● **GIVEN DATA**

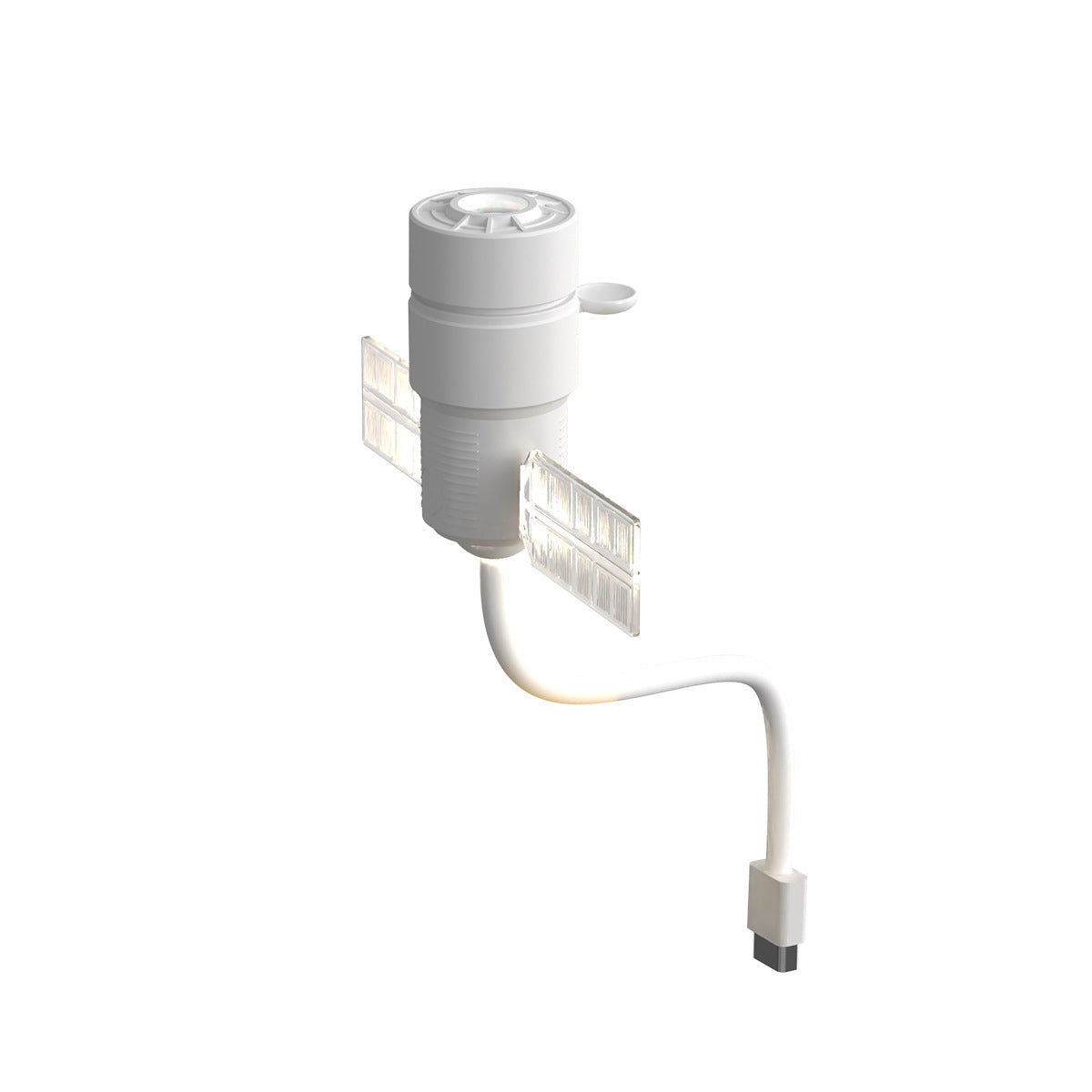 White cylinder slide projector with a flexible USB arm and side slide holders on a white background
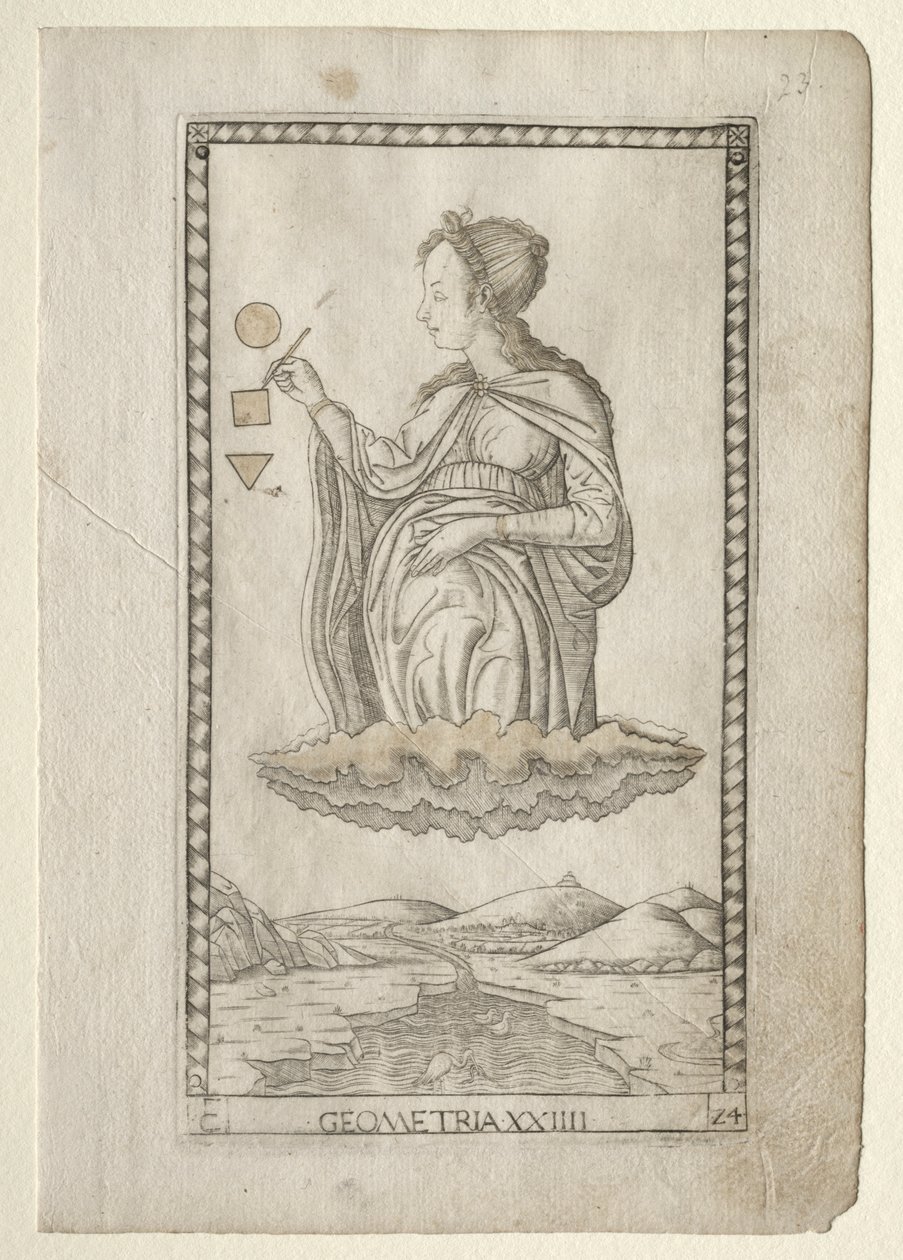 Geometri fra Tarocchi, serie C: Liberal Arts, #24, før 1467. af Master of the E Series Tarocchi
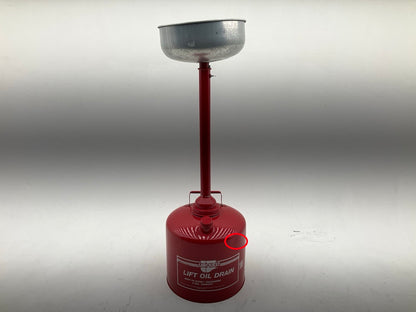 COSMETIC DAMAGE, SEE PHOTOS - 5 Gallon Lift Oil Drain Pan Canister W/ Funnel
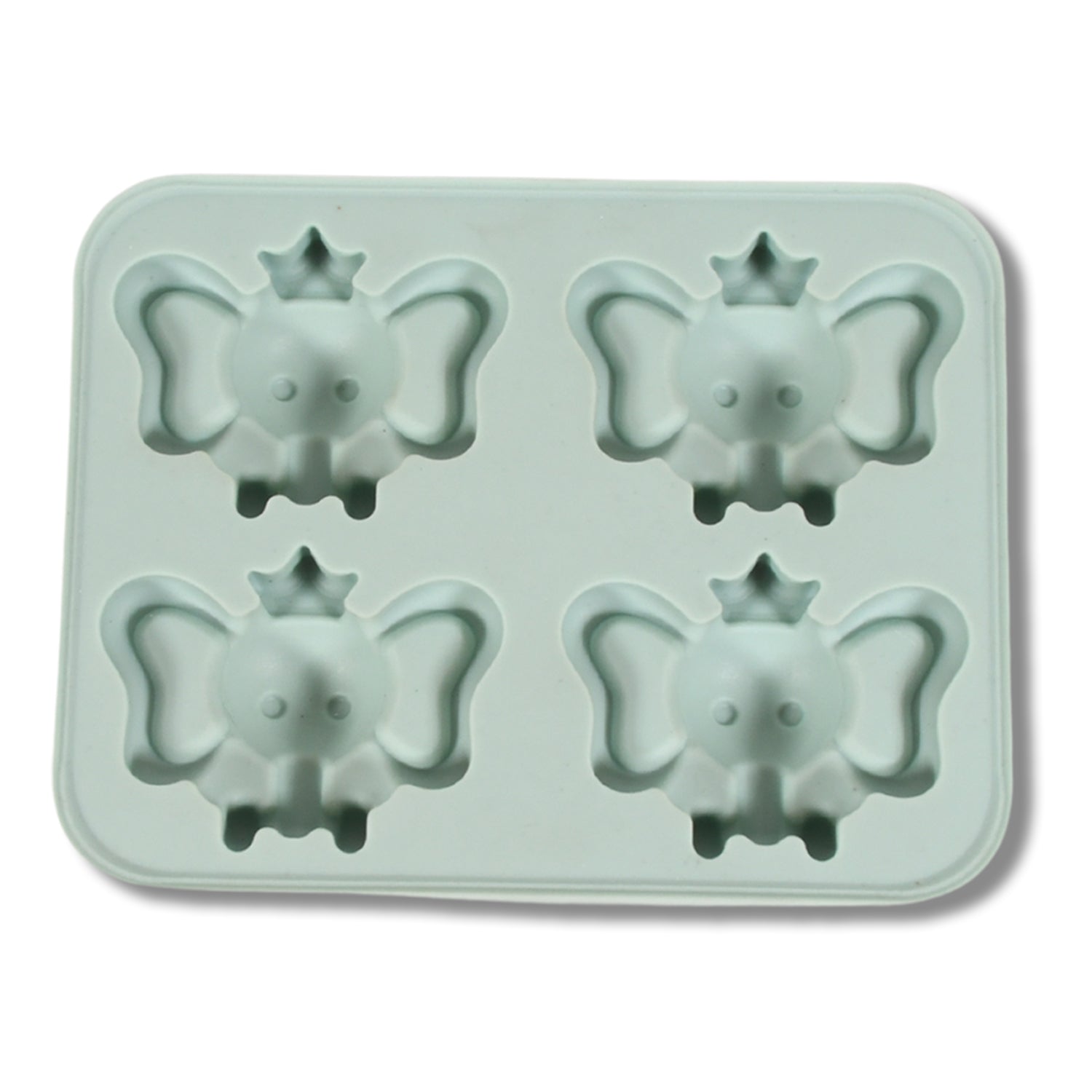 Silicone Cartoon Shape 4-Grid Ice Cube Tray – Flexible Food-Grade Mould for Ice, Candy & Chocolate (1 Pc)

● **ABOUT THIS EXERCISE**
Lines from the start of the material through the line containing "COSMETIC DAMAGE, SEE" are to be restated word for word; no picture may be included.

● **ANSWER TO THIS TASK**
 White cylinder slide projector with a flexible USB arm and side slide holders on a white background
 Geometri fra Tarocchi, serie C: Liberal Arts, #24, før 1467. af Master of the E Series Tarocchi
 COSMETIC DAMAGE, SEE PHOTOS - 5 Gallon Lift Oil Drain Pan Canister W/ Funnel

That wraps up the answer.